### Exercise directions
Please set down the data again exactly, minus the pictures.

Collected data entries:
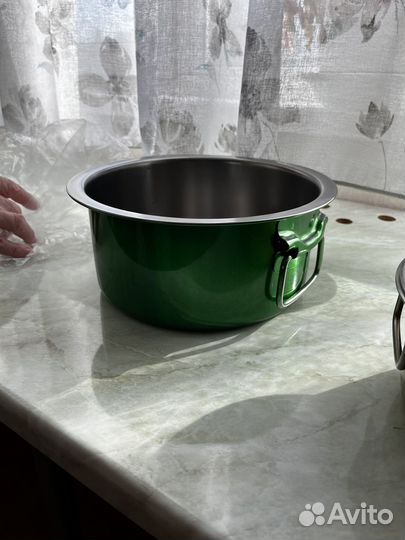 Набор мисок с крышками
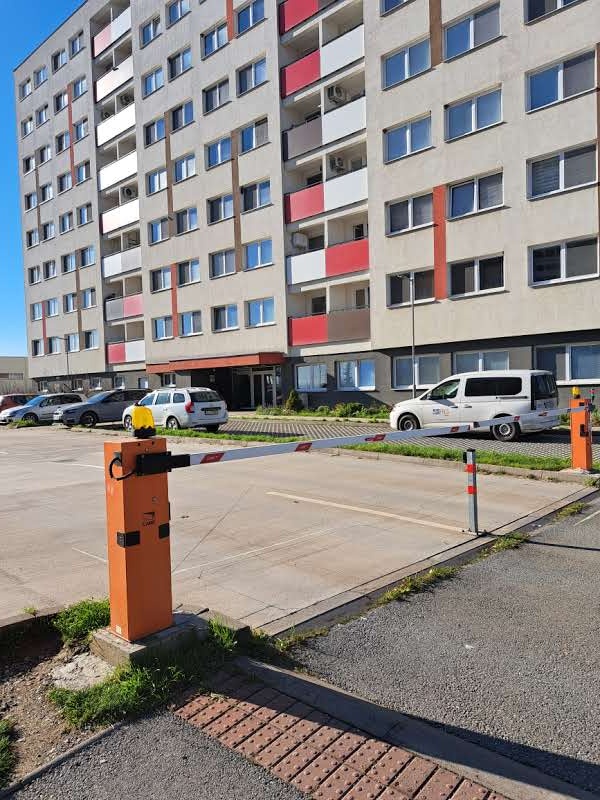 ZNOVU AKTUÁLNE.. 1,5 izbový moderný byt - 14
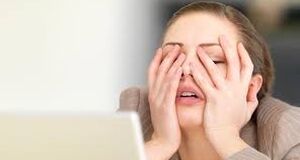 چه چیزی اضطراب را بدتر می کند؟ | راه های درمان اضطراب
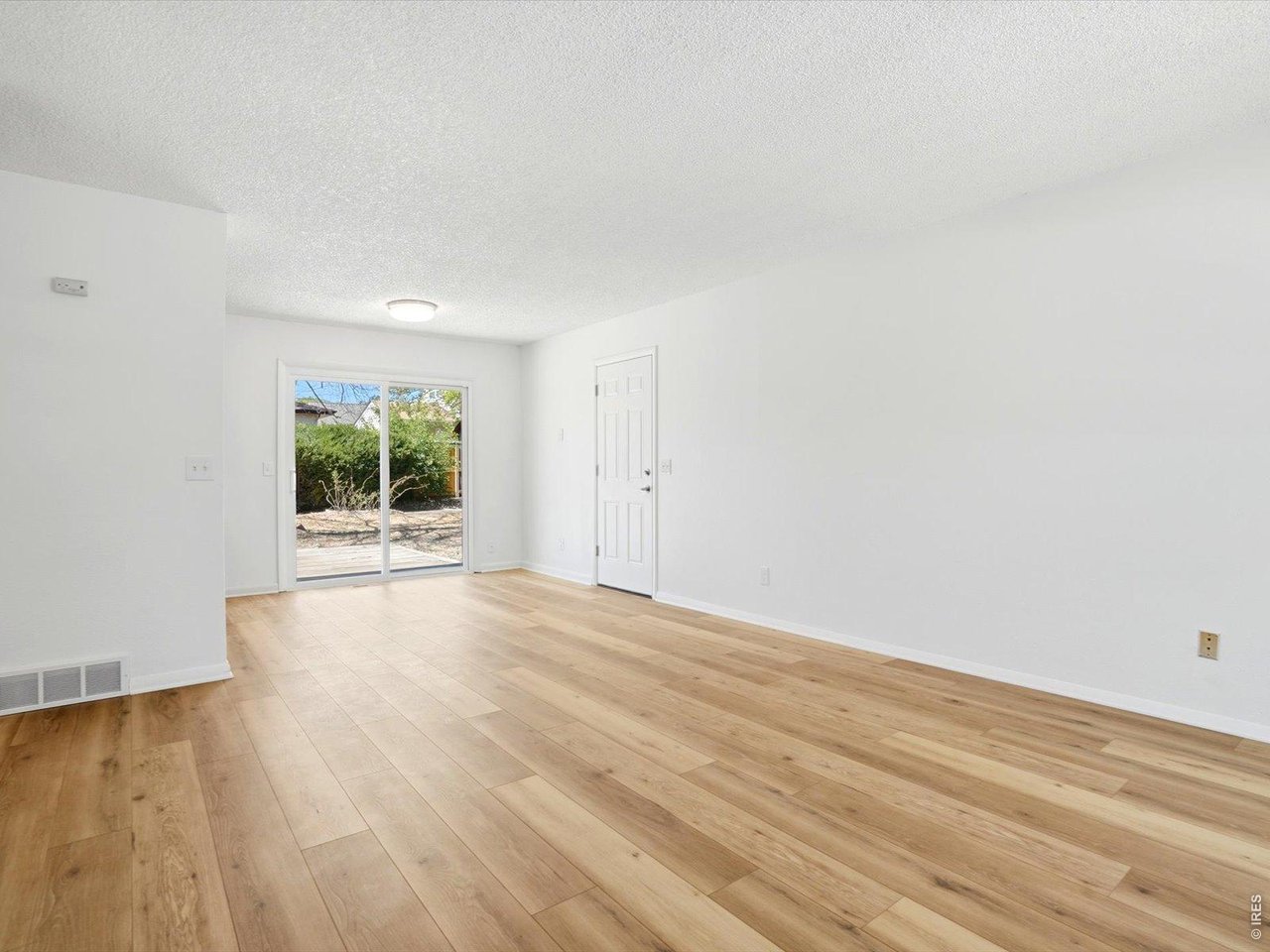 1585 Sagrimore Cir
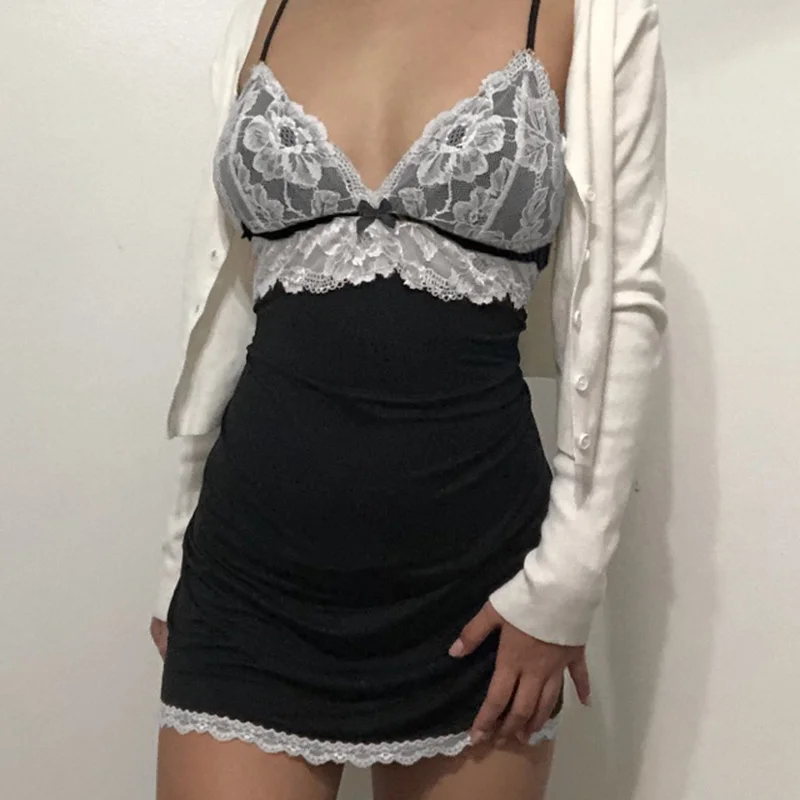

ZOVSV V Neck Patchwork White Lace Sleeveless Mini Dress Summer Sexy Bodycon Short Dresses Women Skinny Party Club Y2K 90s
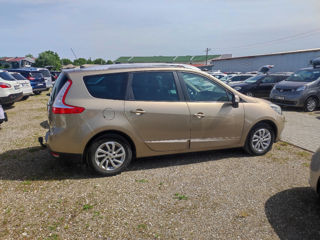 Renault Grand Scenic foto 4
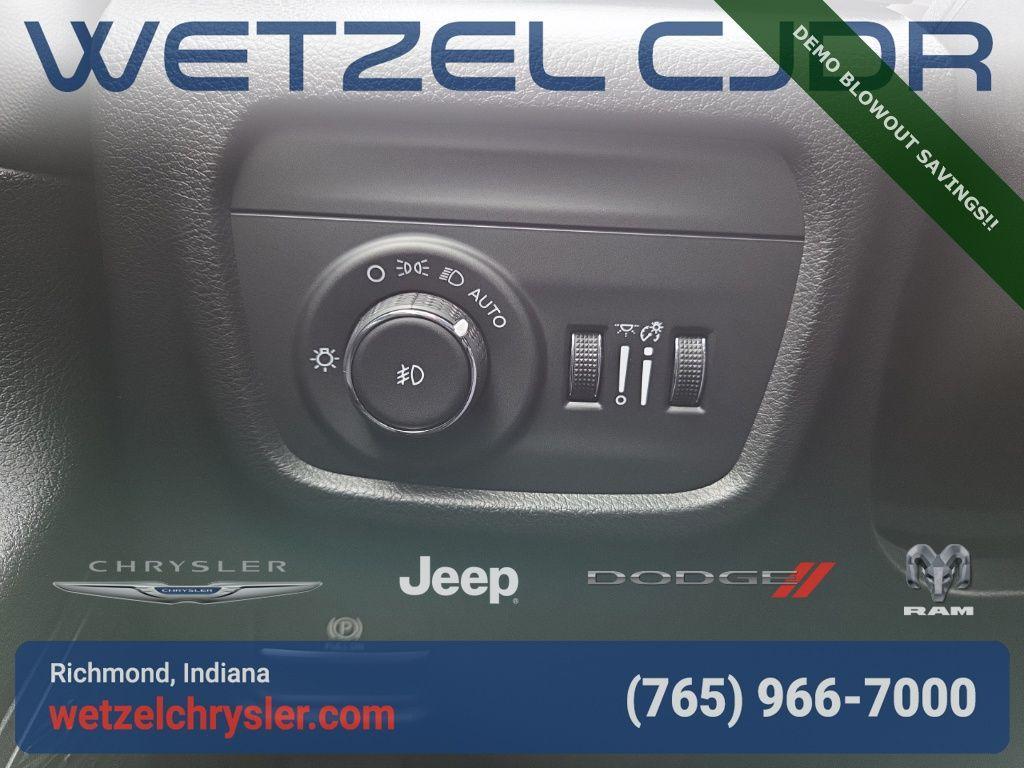 new 2025 Jeep Grand Cherokee L car, priced at $48,198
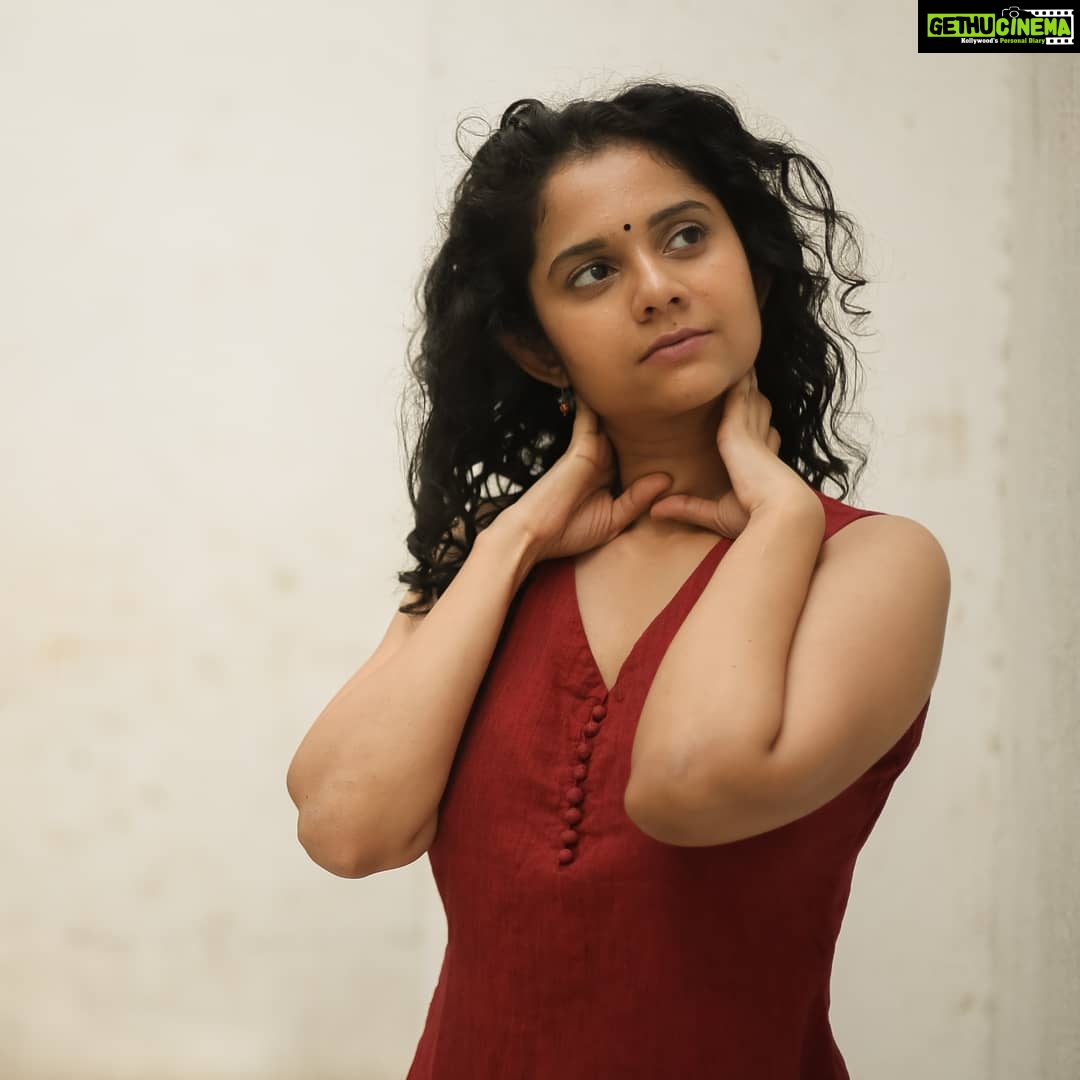 Namita Krishnamurthy Instagram - "The temple bell stops- but the sound keeps coming out of the flowers." - Matsuo Basho trans. Robert Bly (1644-94) @kanmaniphotography 🦋 #ethnic #curly #indiangirls #portrait #photoshoot #browngirlmagic #desigirl Chennai, India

### Result for this task
 Набор мисок с крышками
 ZNOVU AKTUÁLNE.. 1,5 izbový moderný byt - 14
 چه چیزی اضطراب را بدتر می کند؟ | راه های درمان اضطراب
 1585 Sagrimore Cir

ZOVSV V Neck Patchwork White Lace Sleeveless Mini Dress Summer Sexy Bodycon Short Dresses Women Skinny Party Club Y2K 90s
 Renault Grand Scenic foto 4
 new 2025 Jeep Grand Cherokee L car, priced at $48,198
 Namita Krishnamurthy Instagram - "The temple bell stops- but the sound keeps coming out of the flowers." - Matsuo Basho trans. Robert Bly (1644-94) @kanmaniphotography 🦋 #ethnic #curly #indiangirls #portrait #photoshoot #browngirlmagic #desigirl Chennai, India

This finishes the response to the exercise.